Since I have played with Actions for a while now, I have a vague idea on how this should work:

  1. First of all, we need a bot account which has write access to both the base repo (ungoogled-chromium) and platform-specific repos.
  2. When a PR is created in main repo, it shall trigger a workflow, sending out a repository_dispatch to all platform repos (that has a workflow configured, of course).
  3. Upon recieving the event, workflows in the platform repos will start running builds with codes pulling from the PR branch.
  4. Upon complete, the sub workflows will each send a repository_dispatch back to the main repo with build status, triggering the bot to post comments containing build status under the PR.

I think I will start testing the second part first since it's easier and we already have auto build for archlinux up and run. If this sounds like a reasonable plan then I will go ahead and start working on it.

wchen342 avatar Feb 20 '20 22:02 wchen342

If this sounds like a reasonable plan then I will go ahead and start working on it.
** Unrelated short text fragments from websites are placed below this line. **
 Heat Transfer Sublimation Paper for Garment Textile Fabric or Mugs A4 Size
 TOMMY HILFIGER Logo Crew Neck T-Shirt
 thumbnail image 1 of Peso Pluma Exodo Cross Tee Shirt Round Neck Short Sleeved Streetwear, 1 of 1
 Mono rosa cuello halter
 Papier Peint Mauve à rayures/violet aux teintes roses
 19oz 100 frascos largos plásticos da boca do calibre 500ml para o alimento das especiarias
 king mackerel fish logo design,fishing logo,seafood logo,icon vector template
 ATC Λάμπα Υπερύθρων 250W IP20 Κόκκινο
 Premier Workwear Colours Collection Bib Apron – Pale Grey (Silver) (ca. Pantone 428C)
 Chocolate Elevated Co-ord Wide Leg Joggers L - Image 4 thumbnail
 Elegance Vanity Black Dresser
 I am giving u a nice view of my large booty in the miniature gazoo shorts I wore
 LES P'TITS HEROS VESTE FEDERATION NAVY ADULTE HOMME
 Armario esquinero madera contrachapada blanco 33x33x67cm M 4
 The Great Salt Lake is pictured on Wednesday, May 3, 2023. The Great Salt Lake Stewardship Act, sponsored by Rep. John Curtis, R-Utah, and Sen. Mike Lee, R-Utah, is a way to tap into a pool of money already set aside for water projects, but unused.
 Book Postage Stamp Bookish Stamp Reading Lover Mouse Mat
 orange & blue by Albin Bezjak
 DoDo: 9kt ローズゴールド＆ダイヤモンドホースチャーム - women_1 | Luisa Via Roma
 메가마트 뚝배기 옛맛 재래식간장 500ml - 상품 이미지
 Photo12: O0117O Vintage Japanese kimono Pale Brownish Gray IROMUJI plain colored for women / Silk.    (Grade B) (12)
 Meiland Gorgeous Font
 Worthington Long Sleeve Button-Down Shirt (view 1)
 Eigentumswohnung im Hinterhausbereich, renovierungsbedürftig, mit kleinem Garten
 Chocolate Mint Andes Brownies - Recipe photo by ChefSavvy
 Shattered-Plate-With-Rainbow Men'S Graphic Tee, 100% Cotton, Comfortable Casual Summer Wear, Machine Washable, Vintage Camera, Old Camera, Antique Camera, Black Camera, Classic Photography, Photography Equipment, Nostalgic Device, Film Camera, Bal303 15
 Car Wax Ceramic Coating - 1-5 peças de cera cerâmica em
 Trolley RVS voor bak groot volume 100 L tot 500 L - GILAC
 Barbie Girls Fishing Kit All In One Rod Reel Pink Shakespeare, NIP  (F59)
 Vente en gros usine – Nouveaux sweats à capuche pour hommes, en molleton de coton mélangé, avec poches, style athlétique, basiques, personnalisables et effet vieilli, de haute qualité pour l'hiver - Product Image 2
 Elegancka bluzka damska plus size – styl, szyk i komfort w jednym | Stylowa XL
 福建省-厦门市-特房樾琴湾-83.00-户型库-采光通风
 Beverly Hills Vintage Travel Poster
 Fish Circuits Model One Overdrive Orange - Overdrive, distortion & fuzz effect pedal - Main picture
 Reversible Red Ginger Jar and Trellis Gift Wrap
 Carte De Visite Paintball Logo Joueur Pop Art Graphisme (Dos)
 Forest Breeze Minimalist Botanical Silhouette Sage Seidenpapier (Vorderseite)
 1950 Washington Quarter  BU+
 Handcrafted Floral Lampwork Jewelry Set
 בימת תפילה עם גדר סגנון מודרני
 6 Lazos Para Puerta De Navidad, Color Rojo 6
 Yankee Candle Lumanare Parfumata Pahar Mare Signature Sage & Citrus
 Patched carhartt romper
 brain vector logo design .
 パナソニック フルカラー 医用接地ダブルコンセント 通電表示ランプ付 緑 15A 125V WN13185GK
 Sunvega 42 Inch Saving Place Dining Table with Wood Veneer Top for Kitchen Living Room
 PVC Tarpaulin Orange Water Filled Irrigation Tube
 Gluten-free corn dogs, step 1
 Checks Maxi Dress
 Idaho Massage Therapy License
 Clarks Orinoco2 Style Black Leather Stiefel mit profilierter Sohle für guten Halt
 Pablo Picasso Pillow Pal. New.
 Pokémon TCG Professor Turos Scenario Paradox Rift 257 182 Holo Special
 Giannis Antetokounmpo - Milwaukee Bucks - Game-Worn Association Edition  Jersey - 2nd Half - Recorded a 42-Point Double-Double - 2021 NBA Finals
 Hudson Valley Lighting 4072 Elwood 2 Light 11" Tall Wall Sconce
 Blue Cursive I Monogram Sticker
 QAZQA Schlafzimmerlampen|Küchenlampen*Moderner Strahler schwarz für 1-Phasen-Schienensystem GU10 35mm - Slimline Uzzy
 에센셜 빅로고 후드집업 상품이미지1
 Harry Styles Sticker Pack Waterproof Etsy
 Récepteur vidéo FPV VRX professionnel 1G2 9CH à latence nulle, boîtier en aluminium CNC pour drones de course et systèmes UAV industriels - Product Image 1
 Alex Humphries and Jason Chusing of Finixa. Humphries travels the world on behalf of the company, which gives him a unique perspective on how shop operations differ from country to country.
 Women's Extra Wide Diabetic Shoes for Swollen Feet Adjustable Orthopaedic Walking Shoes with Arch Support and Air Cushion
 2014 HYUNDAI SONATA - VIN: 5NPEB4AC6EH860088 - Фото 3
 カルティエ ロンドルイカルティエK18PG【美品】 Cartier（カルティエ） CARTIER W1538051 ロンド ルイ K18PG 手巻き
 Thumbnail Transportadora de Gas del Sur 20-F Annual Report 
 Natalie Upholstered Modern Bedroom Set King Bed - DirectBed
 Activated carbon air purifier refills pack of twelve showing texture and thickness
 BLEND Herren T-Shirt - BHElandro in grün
Sounds good to me. Feel free to proceed.

So it turns out chromium comes with a bunch of unit tests with it, and they can be built with ninja just like the usual binary builds. I haven't tested this yet, since I imagine it will require a lot of tweaks through the source codes because of the patches/domain substitution.

I see. I am somewhat interested in this aspect from a technical standpoint, so I'll try to look into this at some point and scope out the work required. However if you do get the chance to investigate unit-tests, don't let me block your progress.